INPUT RECORDS:
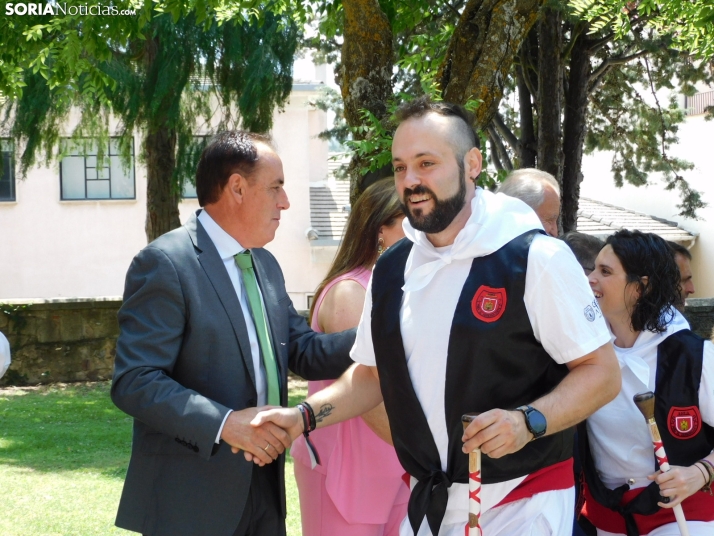 Galer&iacute;a | Los jurados y juradas reciben un sentido homenaje antes del comienzo de las fiestas de San Ju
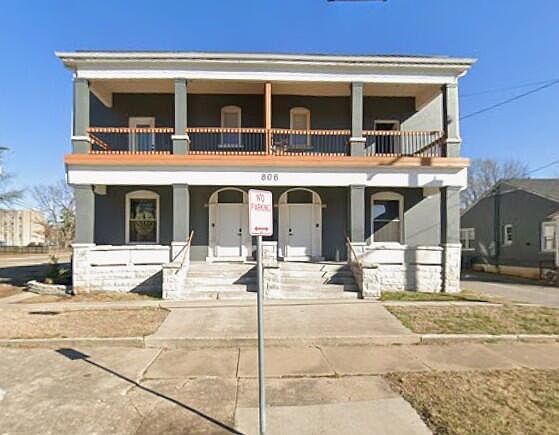 1st image of 806 South Avenue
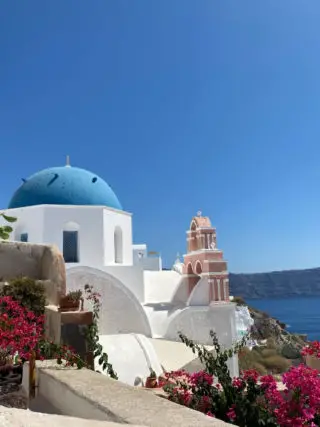 Pros and Cons of Visiting Santorini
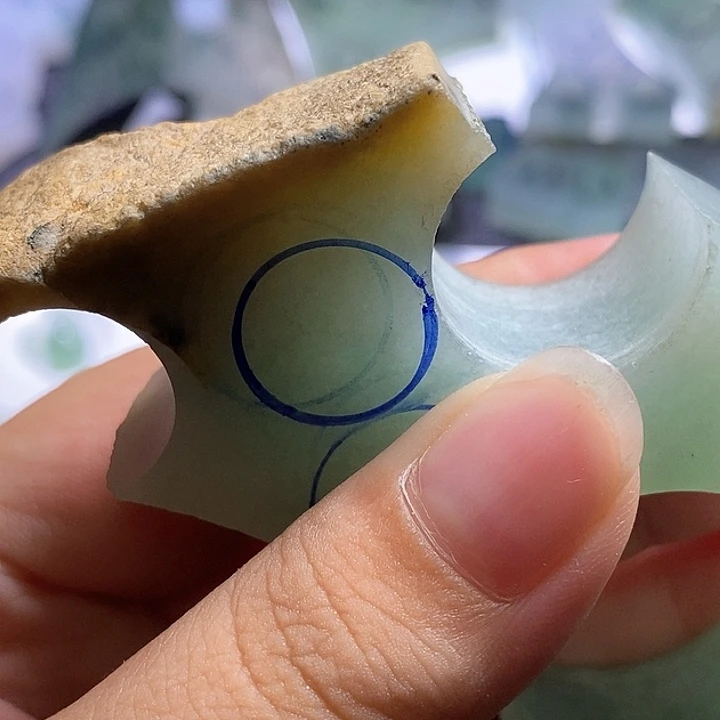 麒***刃未镶嵌定制翡翠有裂买断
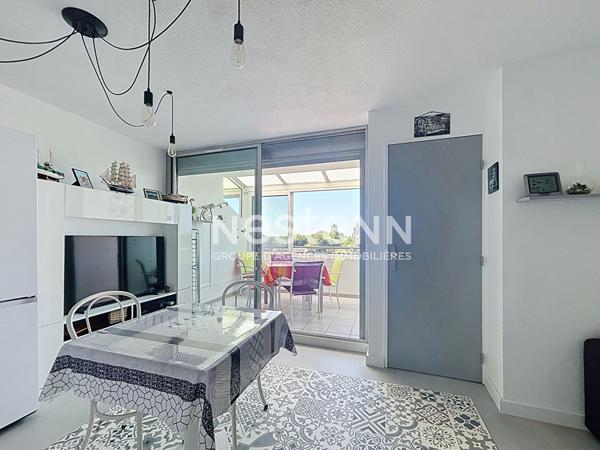 Port Camargue Appartement de type 2 en très bon état avec très belle vue dégagée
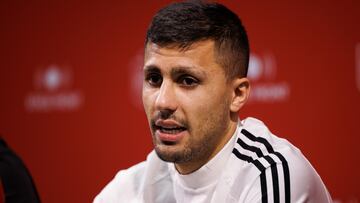 London (United Kingdom), 21/03/2024.- Spain's Rodri attends a press conference in London, Britain, 21 March 2024. Colombia will face Spain in a friendly soccer match on 22 March 2024. (Futbol, Amistoso, España, Reino Unido, Londres) EFE/EPA/TOLGA AKMEN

ASSIGNMENT:
Reproduce the full listing verbatim so that only the pictures are missing.

ANSWER AREA:
 Galer&iacute;a | Los jurados y juradas reciben un sentido homenaje antes del comienzo de las fiestas de San Ju
 1st image of 806 South Avenue
 Pros and Cons of Visiting Santorini
 麒***刃未镶嵌定制翡翠有裂买断
 Port Camargue Appartement de type 2 en très bon état avec très belle vue dégagée
 London (United Kingdom), 21/03/2024.- Spain's Rodri attends a press conference in London, Britain, 21 March 2024. Colombia will face Spain in a friendly soccer match on 22 March 2024. (Futbol, Amistoso, España, Reino Unido, Londres) EFE/EPA/TOLGA AKMEN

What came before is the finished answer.